Having more rods than cones causes the bunny to have grainier vision than other animals, including humans. This means that bunnies thrive best at dusk or dawn when their vision is strongest. 

Is My Bunny Able to See Color?

Yes, bunnies can see color. However, they can’t see as many as we do. Their eyes cannot detect red light and are only sensitive to blue and green light waves. 

Because of this, your bunny can see some colors, while the rest of their vision looks grey or dull to them. Earlier in the article, we learned bunnies have more rods than cones in their eyes.

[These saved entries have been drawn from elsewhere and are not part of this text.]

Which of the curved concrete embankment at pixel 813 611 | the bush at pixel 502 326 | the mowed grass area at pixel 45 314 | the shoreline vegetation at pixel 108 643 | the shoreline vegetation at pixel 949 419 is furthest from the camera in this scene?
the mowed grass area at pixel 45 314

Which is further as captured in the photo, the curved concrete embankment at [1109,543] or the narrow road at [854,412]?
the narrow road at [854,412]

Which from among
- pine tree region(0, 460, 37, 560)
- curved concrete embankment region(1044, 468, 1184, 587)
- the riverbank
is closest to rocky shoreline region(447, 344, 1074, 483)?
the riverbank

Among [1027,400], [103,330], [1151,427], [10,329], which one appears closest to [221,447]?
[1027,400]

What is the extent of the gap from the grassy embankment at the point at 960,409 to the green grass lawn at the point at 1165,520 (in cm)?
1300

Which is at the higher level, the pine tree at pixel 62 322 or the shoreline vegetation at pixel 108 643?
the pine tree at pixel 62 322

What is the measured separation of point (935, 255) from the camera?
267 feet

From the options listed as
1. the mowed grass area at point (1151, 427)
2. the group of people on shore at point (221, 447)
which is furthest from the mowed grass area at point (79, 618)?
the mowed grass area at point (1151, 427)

Cones are in charge of detecting bright lights and giving animals the ability to see a lot of colors. Without enough of these, it causes your bunny to be partially color blind.

This is not an issue for a bunny; it just means they cannot see as well in bright daylight, and things are not as vivid. 


As you have read, bunnies do, in fact, blink. However, they need to do so less often, thanks to that third eyelid.

The third eyelid is perhaps one of the bunny’s most important traits. Their eyes are a fantastic tool to keep themselves safe during the day and night. 

Although bunnies may not have the best vision when it comes to color and clarity, they have an essential ability to see their surroundings at almost 360 degrees.

Without their third eyelid shielding their corneas and properly lubricating their eyes, this ability would not be possible. A bunny would not be able to be as alert. 

Because bunnies do not need to blink often, they can survive much longer in the wild, and that’s a great thing!